Ernst Pulgram
Austrian-American linguist
Ernst Pulgram (September 18, 1915 – August 17, 2005) was an American linguist of Austrian origins whose main interest lay in the Italic and Romance languages.
Quotes
edit- No reputable linguist pretends that Proto-Indo-European reconstructions represent a reality, and the unpronounceability of the asterisked formulae is not a legitimate argument against reconstruction.
- Ernst Pulgram, quoted by Jean-Paul Demoule, The Indo-Europeans: Archaeology, Language, Race, and the Search for the Origins of the West (2023)
- We now find ourselves in possession of two entirely different items, both of which we call Proto-Indo-European: one, a set of reconstructed formulae not representative of any reality; the other, an undiscovered (possibly undiscoverable) language of whose reality we may be certain.

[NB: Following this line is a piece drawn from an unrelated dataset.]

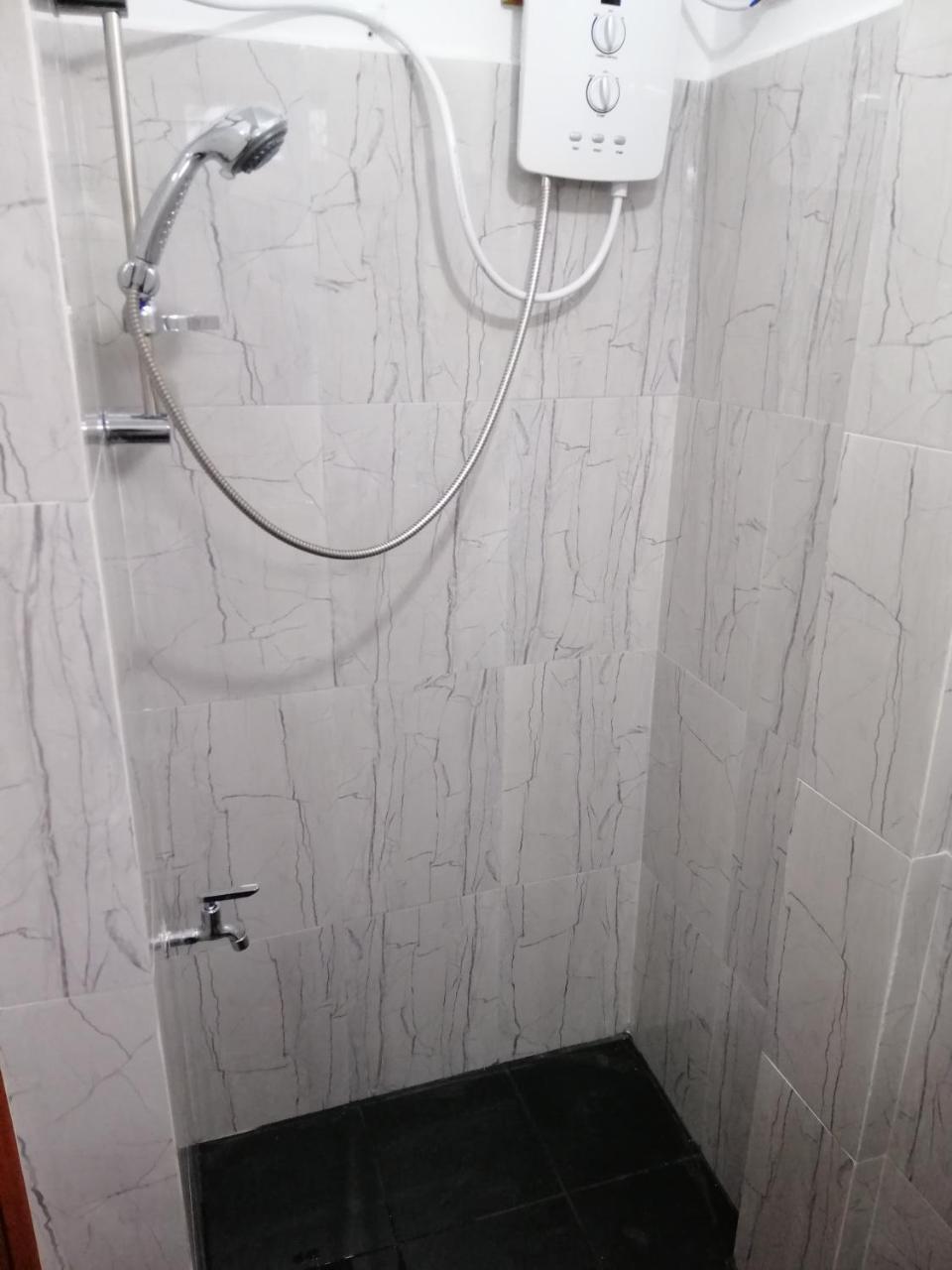 Homestay The Galways Edge Nuwara Eliya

- Pulgram, E. 1959. "Proto-Indo-European Reality and Reconstruction." Language 35:421-426. quoted in Bryant, E. F. (2001). The Quest for the Origins of Vedic Culture : the Indo-Aryan migration debate. Oxford University Press. ch 4
- Arguing about 'Proto-Indo-European' can be meaningful and fruitful . . . if we always explain whether we are talking about the one or the other— which, as we well know, we do not do.
- Pulgram, E. 1959. "Proto-Indo-European Reality and Reconstruction." Language 35:421-426. quoted in Bryant, E. F. (2001). The Quest for the Origins of Vedic Culture : the Indo-Aryan migration debate. Oxford University Press. ch 4
- We must not make the mistake of confusing our methods, and the results flowing from them, with the facts; we must not delude ourselves into believing that our retrogressive method of reconstruction matches, step by step, the real progression of linguistic history.

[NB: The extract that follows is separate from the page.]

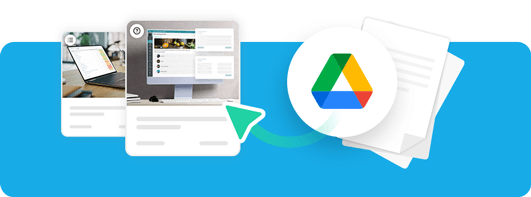 integrate-with-google-drive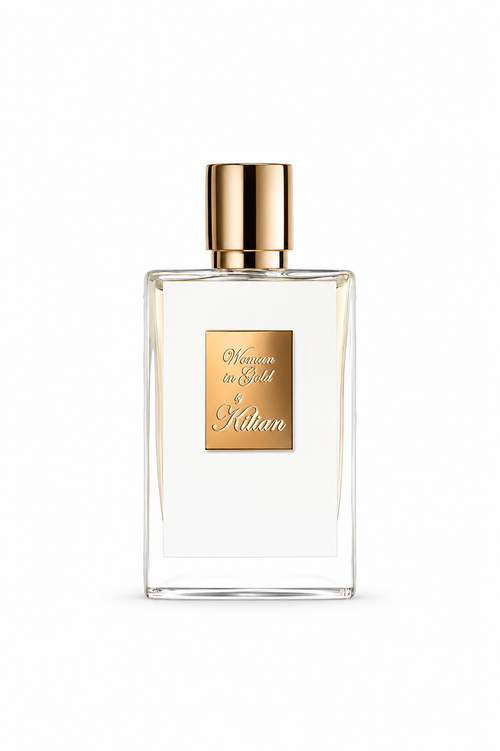 WOMAN IN GOLD KILIAN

- Pulgram, E. 1959. "Proto-Indo-European Reality and Reconstruction." Language 35:421-426. Quoted in Bryant, E. F. (2001). The Quest for the Origins of Vedic Culture : the Indo-Aryan migration debate. Oxford University Press. ch 4
- Now the more sophisticated among us could easily object here that it would take a great deal of naivete on the part of linguistic palaeontologists to propound such views, . . . yet such naivete seems to enjoy the status of high acumen, as anyone can see who reads some of the numerous volumes that deal with the "Indo-Eutopeans," their lives and their mores. But if the authorship of such works is not astonishing enough, the uncritical and admiring credulity bestowed upon them by a vast number of scholars certainly is.
- (Pulgram 1958, 147) in Bryant, E. F. (2001). The Quest for the Origins of Vedic Culture : the Indo-Aryan migration debate. Oxford University Press.
- Pulgram, E. 1958. The Tongues of Italy. Cambridge, Mass.: Harvard University Press.
- It is an elementary mistake to equate common Indo-European words with Proto-Indo- European words and to base thereon conclusions concerning the Proto-European Urvolk or Urheimat. Yet this is precisely what has often been done. . . . impassioned linguistic palaeontologists have gone even further. From the existence of certain items of vocabulary in all or a majority of the extant Indo-European languages, and blandly ignoring all the pitfalls just noted, they even fabricated conclusions concerning the social organization, the religion, the mores, the race of the Proto-Indo-European.
- (Pulgram 1958, 145-146) in Bryant, E. F. (2001). The Quest for the Origins of Vedic Culture : the Indo-Aryan migration debate. Oxford University Press.
- Pulgram, E. 1958. The Tongues of Italy. Cambridge, Mass.: Harvard University Press.